### PROBLEM DETAILS
Search the records for lines with the word "January" and copy each match.
#### SUPPLIED DATA
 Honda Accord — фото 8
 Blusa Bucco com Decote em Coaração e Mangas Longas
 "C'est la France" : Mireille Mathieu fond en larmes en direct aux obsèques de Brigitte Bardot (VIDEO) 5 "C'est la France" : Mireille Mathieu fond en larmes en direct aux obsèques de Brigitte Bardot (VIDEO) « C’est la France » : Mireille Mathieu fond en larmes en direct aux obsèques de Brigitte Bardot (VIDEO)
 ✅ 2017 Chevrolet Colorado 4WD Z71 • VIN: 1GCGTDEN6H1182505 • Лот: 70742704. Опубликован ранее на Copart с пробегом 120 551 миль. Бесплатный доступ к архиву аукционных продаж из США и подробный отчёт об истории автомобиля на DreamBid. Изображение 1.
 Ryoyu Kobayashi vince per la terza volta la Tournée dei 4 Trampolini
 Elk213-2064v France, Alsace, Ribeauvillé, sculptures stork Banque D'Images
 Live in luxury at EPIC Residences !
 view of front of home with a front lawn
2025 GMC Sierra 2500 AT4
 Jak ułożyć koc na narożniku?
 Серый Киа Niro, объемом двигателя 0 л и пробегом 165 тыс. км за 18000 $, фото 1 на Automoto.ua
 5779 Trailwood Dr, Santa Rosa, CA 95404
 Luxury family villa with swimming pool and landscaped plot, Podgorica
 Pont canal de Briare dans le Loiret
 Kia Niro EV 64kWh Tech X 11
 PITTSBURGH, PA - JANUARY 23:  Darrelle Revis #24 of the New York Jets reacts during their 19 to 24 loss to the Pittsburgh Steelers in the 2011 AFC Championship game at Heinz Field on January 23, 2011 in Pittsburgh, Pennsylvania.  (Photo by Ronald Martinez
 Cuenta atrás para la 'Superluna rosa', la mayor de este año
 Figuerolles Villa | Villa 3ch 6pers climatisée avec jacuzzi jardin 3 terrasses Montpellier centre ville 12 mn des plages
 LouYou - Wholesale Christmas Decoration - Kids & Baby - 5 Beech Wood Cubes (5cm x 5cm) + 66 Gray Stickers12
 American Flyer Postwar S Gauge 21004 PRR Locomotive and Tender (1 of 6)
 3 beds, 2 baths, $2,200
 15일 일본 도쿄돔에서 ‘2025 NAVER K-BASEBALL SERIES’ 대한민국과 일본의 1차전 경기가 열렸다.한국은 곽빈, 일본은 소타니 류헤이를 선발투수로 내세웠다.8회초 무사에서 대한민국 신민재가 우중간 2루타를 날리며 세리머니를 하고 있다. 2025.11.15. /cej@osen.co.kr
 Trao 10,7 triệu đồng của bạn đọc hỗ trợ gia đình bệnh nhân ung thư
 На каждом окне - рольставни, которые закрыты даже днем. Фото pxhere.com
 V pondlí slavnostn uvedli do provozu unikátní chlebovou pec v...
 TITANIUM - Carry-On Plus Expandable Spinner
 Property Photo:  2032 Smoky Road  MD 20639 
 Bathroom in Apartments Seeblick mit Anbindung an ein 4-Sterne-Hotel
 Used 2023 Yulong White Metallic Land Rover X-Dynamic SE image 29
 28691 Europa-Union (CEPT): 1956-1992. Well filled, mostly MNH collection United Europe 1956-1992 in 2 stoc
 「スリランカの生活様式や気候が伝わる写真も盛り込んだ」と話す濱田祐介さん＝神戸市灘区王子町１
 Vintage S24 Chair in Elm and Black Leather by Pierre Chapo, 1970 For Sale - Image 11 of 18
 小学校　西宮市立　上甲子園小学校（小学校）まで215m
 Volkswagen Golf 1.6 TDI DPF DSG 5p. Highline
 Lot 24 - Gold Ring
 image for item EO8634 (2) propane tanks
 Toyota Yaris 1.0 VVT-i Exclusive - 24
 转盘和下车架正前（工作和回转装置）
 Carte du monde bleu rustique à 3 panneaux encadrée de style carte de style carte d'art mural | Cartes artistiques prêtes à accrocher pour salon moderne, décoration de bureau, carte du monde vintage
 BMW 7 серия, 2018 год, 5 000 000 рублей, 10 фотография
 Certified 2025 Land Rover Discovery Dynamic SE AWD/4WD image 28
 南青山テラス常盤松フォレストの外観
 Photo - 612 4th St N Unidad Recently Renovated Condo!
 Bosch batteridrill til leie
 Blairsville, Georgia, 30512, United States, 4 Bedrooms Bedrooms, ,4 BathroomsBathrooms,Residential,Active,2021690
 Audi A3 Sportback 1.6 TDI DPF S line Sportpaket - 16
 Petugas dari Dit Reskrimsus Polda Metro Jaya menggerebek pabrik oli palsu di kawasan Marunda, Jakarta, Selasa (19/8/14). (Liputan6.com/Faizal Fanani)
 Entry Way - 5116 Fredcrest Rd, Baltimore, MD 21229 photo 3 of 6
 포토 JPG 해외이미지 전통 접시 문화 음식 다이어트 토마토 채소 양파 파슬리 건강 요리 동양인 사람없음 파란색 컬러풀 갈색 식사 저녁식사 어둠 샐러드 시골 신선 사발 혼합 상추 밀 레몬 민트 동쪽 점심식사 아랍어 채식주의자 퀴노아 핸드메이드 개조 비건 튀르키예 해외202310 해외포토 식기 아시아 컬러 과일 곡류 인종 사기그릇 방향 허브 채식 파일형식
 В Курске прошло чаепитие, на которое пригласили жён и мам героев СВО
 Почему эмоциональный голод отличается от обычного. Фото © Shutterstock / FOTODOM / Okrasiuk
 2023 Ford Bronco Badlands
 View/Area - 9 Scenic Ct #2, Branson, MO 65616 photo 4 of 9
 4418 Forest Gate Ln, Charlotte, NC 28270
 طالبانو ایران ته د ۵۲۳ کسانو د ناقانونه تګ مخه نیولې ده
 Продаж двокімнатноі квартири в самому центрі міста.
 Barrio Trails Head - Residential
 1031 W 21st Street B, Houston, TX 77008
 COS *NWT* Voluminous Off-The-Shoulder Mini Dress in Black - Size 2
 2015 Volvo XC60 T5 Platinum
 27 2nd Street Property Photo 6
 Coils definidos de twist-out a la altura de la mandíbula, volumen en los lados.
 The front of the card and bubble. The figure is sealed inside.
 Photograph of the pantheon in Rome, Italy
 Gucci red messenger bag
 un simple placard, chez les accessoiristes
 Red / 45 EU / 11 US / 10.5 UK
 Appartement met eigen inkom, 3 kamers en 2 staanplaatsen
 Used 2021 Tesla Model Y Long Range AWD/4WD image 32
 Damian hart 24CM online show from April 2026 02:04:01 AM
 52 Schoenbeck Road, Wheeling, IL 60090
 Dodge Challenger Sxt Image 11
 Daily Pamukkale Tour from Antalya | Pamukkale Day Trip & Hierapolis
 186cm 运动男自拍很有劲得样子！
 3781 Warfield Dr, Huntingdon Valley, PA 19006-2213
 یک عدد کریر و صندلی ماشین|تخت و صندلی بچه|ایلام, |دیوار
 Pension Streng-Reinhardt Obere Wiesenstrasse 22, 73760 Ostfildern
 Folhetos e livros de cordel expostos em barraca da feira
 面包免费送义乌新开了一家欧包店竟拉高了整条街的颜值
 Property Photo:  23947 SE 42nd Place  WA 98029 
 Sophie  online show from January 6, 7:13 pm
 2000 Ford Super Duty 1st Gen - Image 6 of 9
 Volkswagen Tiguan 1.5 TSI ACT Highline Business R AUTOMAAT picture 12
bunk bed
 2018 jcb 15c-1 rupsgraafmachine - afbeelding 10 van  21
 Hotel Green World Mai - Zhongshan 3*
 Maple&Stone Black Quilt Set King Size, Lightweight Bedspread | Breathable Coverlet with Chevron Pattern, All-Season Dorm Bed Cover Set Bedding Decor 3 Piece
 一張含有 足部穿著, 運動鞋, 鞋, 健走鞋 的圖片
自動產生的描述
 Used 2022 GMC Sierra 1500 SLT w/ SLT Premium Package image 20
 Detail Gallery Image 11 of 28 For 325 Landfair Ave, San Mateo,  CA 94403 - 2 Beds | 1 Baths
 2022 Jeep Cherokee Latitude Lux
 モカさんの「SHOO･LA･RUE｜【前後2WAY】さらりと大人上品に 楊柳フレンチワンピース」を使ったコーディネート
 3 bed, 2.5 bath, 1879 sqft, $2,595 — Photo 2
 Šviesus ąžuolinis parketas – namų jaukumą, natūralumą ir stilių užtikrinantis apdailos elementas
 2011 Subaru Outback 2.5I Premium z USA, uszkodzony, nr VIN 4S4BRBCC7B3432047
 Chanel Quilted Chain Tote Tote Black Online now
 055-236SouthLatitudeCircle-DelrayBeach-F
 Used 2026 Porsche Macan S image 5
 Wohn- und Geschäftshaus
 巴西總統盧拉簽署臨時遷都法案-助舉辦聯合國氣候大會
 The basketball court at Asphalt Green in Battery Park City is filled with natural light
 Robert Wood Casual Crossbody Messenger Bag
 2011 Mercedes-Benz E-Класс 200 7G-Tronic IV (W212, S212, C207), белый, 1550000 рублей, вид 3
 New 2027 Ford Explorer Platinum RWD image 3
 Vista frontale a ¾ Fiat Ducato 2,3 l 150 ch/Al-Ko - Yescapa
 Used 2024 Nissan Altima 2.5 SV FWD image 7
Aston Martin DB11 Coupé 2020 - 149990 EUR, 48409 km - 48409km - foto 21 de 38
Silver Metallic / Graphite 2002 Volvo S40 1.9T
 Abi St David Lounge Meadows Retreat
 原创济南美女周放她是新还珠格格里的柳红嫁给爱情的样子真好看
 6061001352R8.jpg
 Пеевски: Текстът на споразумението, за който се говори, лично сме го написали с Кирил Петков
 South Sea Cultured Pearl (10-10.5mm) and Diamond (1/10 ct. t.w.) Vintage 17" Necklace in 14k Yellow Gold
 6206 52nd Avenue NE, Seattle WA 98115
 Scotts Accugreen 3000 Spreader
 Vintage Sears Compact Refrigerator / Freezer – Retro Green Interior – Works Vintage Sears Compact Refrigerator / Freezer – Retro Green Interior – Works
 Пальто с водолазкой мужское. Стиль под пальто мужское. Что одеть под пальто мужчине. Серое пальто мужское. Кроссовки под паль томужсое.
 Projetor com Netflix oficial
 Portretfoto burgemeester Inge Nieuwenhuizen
########
### ANSWER TO THIS EXERCISE
 PITTSBURGH, PA - JANUARY 23:  Darrelle Revis #24 of the New York Jets reacts during their 19 to 24 loss to the Pittsburgh Steelers in the 2011 AFC Championship game at Heinz Field on January 23, 2011 in Pittsburgh, Pennsylvania.  (Photo by Ronald Martinez
 Sophie  online show from January 6, 7:13 pm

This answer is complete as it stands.